AI produces deceptive real research data

An incredible number of age statements end with the number 7 or 8

Various contradictions emerged. First, for many of the alleged participants, the gender mentioned did not match what one would expect based on their first names. Second, there was no correlation between vision test results and pre- and postoperative imaging. Third, Wilkinson and Law examined how numbers were distributed in some columns in the data set to find potential patterns that did not occur by pure chance. The eye imaging results passed this test, but some people’s age scores clustered in a way that was very unusual relative to the real data: a disproportionate number of participants’ ages ended in the numbers 7 or 8.

The study authors acknowledge that some weaknesses in their data set can be revealed upon closer inspection. However, “it’s hard to see that the data wasn’t collected by a human if you just glance at it,” Giannaker says.

Bernd Pulferer, editor-in-chief of EMBO Reports, is also concerned about this. The peer review process, that is, the evaluation of studies by colleagues before publication, “doesn’t actually check all the data again. “Sophisticated integrity violations are unlikely to be detected by AI,” the expert says. He believes that journals need to adapt their quality checks to identify data collected by AI.

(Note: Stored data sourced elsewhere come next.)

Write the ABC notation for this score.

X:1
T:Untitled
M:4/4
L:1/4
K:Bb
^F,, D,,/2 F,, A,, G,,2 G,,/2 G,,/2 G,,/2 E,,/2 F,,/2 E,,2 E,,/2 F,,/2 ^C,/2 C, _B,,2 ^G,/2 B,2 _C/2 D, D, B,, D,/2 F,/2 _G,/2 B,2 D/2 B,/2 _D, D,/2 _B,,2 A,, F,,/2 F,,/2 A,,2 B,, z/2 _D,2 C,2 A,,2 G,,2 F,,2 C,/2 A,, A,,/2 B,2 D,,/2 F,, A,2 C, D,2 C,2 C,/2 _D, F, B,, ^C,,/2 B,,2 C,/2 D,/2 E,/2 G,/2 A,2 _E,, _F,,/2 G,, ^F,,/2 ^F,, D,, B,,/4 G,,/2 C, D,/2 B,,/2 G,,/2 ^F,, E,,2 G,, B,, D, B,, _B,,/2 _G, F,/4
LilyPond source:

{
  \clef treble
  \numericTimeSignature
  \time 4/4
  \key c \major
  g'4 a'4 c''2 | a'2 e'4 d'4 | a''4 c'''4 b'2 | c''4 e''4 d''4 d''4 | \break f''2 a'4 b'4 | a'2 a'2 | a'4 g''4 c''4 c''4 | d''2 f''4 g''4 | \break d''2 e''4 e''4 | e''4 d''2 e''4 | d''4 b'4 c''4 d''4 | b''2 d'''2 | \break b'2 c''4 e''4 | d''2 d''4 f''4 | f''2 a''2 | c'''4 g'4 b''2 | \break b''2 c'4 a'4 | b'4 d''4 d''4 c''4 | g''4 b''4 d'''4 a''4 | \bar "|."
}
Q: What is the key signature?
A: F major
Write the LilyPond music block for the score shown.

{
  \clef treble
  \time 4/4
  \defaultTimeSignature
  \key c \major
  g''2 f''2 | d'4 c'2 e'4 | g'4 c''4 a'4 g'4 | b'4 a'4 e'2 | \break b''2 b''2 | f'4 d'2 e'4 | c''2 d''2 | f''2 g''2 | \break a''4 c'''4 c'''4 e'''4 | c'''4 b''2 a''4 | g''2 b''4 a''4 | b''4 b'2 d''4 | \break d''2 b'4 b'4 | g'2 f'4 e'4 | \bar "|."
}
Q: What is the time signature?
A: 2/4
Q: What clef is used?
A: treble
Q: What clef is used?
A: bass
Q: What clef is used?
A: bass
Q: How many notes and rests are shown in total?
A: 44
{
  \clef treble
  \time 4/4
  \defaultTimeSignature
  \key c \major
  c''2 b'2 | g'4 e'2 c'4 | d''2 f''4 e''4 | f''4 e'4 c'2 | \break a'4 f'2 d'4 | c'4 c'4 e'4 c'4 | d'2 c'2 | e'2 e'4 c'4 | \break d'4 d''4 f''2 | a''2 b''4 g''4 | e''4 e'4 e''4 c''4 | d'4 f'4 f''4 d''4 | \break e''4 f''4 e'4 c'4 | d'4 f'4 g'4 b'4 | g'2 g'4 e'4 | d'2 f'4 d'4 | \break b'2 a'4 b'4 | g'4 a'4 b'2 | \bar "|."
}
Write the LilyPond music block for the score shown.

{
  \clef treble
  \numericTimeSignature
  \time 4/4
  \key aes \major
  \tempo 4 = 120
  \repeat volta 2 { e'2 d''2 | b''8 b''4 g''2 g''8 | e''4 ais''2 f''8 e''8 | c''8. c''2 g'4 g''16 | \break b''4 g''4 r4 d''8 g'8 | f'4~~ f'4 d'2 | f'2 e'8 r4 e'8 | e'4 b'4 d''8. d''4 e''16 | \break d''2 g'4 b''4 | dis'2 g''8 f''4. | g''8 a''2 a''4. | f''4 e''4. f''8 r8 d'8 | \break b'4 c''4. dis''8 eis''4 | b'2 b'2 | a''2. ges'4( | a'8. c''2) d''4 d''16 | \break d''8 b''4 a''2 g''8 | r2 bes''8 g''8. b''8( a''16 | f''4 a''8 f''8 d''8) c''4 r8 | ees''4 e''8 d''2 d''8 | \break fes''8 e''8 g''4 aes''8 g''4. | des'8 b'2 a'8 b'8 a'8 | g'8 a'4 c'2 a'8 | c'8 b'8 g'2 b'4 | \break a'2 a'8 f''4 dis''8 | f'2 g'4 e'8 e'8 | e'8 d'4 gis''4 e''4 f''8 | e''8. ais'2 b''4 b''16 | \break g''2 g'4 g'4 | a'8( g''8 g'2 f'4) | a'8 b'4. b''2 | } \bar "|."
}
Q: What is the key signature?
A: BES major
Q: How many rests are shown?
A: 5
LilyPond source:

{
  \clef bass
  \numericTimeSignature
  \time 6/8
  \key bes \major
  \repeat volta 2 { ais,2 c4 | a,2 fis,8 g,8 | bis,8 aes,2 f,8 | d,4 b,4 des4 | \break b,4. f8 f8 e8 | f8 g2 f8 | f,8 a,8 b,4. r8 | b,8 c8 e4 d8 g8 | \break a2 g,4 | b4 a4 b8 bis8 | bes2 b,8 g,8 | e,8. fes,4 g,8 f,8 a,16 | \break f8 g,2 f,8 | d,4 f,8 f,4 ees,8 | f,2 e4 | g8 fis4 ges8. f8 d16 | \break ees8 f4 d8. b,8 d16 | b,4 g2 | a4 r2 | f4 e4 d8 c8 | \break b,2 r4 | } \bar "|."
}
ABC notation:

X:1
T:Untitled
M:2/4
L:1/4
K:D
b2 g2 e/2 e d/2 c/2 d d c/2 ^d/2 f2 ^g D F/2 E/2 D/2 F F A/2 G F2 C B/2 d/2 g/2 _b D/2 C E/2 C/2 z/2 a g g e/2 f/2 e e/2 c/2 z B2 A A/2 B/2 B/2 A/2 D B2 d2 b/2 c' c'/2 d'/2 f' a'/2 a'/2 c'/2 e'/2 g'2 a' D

In a collaborative project led by Wilkinson, researchers want to design statistical and non-statistical tools to investigate potentially problematic studies. “In the same way that AI can be part of the problem, AI-based solutions can also be found. “We can automate some of these verification processes,” Wilkinson says, warning that advances in generative AI may soon open up ways to bypass these screening protocols. He has the same opinion: “Once you know what is being looked for in these tests, artificial intelligence can easily be used to circumvent these tests.”